Craig can’t even feed a goddamn cat right and the producers are now giving all of his scenes the sad “bloop bloop” music belonging to someone who constantly disappointments everyone. He gets a sewing machine and calls his girlfriend, Naomie, to tell her the good news/waste her time, and her name in his phone is “Nomi.” Craig, my man, you need to spell your girl’s name right.

Austen and Landon check out a restaurant for Roam, Landon’s fake travel website. Landon says that she doesn’t want to tell the bartender that she’s there with Roam because maybe this restaurant won’t be “Roam-worthy.” The restaurant really isn’t Roam-worthy because it, unlike her website, actually fucking exists. Anyway, Landon’s bangs are so side-swept that they technically start on someone else’s face.

Shep’s at the doctor and he receptionist says “good job” to him when he hands her his ID and I’d also be surprised that he could follow simple instructions. The doctor asks how many drinks on average Shep has a day. He starts by saying 7, then briefly argues that shots don’t count as drinks, and ends up at 12, which you know actually means 68. Shep, how are you alive? He has to mention to the doctor that he had been winning at basketball just before his heart exploded. The doctor prescribes to maybe try not drinking for a week and I can hardly wait for Shep to spend to next episode trying to hide the shakes.  

Landon and T-Rav meet up for dinner and they both have the most annoying drink orders like, “clear tequila plus your margarita mixer only if you make it in house, but then just a splash of it, plus soda water, and every lime in South Carolina.” They have a “deep” conversation where T-Rav concludes, “At some point neck up matters,” and wishes that he would have gotten married back when he was Landon’s age.
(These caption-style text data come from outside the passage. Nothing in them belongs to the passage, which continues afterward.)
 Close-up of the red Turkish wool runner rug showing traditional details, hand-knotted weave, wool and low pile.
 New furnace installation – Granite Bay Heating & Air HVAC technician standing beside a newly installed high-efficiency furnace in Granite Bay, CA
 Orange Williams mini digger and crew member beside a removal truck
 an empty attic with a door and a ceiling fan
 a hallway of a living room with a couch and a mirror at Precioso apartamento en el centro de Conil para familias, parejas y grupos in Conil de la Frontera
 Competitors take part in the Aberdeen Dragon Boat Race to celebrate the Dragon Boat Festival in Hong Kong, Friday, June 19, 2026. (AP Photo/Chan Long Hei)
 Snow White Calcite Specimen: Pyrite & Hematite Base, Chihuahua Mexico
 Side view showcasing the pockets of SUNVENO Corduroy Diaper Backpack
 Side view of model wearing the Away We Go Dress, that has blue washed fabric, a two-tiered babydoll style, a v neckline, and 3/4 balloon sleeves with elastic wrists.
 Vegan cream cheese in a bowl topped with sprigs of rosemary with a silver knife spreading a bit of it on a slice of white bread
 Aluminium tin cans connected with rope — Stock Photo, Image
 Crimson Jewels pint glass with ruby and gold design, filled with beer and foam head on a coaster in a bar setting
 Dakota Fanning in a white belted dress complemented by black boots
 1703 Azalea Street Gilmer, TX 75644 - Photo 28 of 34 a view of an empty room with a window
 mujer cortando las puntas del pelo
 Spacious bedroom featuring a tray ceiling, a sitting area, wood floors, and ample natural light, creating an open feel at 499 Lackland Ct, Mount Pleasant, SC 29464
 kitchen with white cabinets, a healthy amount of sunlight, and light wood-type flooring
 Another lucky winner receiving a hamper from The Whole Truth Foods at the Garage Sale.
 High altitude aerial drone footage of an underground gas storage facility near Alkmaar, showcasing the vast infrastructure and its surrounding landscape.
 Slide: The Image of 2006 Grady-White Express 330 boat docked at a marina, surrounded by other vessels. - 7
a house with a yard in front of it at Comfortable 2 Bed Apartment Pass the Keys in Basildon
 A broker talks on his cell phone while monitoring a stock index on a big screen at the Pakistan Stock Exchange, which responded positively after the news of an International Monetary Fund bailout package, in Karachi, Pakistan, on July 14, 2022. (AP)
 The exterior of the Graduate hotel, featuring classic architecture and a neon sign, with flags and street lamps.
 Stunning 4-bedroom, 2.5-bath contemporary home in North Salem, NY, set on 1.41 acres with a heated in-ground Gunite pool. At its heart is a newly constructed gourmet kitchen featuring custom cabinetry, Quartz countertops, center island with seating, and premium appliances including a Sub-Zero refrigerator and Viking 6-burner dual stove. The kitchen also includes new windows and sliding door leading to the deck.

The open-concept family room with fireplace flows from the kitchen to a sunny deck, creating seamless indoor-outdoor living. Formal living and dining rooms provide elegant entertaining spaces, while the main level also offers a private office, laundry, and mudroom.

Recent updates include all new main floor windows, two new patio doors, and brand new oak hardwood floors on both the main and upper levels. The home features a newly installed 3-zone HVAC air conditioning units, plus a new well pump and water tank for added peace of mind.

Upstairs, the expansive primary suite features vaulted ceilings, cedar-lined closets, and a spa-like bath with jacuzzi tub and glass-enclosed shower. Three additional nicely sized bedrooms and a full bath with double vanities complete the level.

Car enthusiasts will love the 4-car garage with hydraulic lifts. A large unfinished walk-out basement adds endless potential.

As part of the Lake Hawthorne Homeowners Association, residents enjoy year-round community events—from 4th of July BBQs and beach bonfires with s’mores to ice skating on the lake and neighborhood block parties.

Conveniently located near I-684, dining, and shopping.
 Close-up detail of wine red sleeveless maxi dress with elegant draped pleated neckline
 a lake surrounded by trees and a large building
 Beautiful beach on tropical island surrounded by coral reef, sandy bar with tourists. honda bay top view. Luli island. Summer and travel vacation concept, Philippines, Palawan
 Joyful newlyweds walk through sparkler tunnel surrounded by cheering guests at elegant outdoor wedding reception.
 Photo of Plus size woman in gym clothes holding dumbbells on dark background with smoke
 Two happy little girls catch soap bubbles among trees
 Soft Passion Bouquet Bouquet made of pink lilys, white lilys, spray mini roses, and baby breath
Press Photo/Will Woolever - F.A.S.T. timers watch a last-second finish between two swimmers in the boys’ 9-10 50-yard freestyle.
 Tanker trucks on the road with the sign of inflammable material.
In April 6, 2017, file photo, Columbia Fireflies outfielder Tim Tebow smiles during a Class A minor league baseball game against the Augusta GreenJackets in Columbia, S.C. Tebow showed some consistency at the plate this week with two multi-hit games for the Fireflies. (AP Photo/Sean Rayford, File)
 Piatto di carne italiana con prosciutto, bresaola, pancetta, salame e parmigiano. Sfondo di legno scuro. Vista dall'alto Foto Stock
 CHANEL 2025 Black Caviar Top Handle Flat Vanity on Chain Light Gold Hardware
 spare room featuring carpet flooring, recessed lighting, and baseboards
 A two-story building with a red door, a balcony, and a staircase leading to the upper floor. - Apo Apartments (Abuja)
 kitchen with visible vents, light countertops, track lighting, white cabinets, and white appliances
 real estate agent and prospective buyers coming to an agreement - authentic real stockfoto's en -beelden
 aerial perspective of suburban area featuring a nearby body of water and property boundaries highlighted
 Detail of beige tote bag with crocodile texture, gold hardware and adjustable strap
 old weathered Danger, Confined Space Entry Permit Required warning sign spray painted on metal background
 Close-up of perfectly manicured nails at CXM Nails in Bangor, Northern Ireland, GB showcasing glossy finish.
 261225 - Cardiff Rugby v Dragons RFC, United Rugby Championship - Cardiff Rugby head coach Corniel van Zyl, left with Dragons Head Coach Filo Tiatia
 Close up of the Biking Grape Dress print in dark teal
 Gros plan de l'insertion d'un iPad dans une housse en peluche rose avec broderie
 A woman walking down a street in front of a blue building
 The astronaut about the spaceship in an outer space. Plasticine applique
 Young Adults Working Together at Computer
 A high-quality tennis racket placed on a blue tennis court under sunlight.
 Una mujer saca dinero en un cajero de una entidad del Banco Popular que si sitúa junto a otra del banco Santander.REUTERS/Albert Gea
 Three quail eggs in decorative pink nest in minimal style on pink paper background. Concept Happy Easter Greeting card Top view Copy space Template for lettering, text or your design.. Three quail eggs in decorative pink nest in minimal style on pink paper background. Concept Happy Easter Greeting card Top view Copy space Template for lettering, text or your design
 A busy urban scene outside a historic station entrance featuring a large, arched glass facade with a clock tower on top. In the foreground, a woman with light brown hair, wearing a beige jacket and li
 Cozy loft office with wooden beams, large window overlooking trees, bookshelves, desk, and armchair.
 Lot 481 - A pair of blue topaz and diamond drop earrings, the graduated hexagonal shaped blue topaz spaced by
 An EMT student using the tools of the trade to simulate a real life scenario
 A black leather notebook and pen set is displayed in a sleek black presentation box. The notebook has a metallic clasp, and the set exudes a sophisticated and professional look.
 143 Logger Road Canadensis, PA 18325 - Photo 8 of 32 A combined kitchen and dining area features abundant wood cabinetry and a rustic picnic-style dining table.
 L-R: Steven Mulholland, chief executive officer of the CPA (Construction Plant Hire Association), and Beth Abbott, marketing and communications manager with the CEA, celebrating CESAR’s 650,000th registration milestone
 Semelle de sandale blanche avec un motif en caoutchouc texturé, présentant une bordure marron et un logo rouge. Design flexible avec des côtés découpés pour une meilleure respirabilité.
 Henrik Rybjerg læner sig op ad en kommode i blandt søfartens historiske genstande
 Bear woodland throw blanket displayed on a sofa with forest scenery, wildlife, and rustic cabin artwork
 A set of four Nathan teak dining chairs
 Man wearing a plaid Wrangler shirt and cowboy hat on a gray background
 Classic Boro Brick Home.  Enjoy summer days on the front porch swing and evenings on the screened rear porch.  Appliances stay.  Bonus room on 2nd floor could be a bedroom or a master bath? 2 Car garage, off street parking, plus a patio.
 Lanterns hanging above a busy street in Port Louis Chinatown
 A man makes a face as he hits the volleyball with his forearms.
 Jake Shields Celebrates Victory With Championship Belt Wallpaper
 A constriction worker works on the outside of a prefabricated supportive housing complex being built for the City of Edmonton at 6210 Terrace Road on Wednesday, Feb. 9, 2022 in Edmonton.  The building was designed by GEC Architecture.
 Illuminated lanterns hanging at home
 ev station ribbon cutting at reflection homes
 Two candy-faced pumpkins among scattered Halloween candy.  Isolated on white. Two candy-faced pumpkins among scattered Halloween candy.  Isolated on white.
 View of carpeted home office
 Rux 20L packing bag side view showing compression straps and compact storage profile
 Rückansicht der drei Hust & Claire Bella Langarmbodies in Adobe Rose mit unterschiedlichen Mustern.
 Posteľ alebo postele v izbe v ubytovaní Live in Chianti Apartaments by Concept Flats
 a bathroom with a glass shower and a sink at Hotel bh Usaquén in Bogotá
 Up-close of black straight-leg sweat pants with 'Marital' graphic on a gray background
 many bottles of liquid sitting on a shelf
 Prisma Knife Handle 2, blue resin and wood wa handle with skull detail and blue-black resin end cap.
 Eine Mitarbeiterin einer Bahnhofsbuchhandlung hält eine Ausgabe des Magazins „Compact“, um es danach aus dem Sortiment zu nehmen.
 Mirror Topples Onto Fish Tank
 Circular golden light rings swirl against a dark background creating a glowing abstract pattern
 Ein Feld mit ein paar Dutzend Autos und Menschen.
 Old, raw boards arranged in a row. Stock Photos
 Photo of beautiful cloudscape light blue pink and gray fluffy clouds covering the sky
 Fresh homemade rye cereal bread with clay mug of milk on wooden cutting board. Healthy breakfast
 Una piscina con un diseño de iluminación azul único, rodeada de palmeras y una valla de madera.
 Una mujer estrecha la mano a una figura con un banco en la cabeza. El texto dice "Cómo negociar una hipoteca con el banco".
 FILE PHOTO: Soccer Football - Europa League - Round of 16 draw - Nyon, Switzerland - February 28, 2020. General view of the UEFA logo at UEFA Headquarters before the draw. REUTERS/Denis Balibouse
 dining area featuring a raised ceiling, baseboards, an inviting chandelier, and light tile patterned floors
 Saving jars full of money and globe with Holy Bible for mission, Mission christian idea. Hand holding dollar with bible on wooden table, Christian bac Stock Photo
Great, so you could have tanked that poor woman’s life along with your own? Like, someone give T-Rav a humanitarian award for not ruining the life of his imaginary first wife. 

Craig is cooking for Naomie and then hauling everything across the yard to her parents’ back deck, which looks out over the water, which is s fucking dumb place to sit and eat because it’s night and you can’t see shit. Anyway, Craig thinks that dusting off patio furniture proves that he is awesome boyfriend and will cause Naomie to overlook the fact that he spends his days using a pre-set function on his sewing machine to embroider cupids on random pieces of cloth. He says, “I hope she feels as lucky being with me as I think she should,” and JESUS. Craig, my dude, you were close to being OK until the end of that sentence.

At dinner, Craig tells Naomie that he’s going to buy a rental home by the end of the week and that he’s also starting a clothing line. Naomie calls him out and says that he’s not going to do any of those things because doing even one of them requires him to actually DO A THING. She asks Craig if he wants to be a lawyer or not and Craig says that’s a dumb question because he can’t answer it until after he’s passed the bar and Naomie is like “don’t wait for the translation, yes or no,” and Craig is like, “I have neither the time nor the inclination to explain myself to a man who rises and sleeps under the blanket of the very freedom that I provide, and then questions the manner in which I provide it,” and Naomie is like, “Your logic is bad and you should feel bad,” and then Craig is like, “Your question is dumb and you are dumb,” and then Naomie wins my heart forever my demanding an instant apology, which Craig does not provide. Are they going to break up? Fuck, I hope so.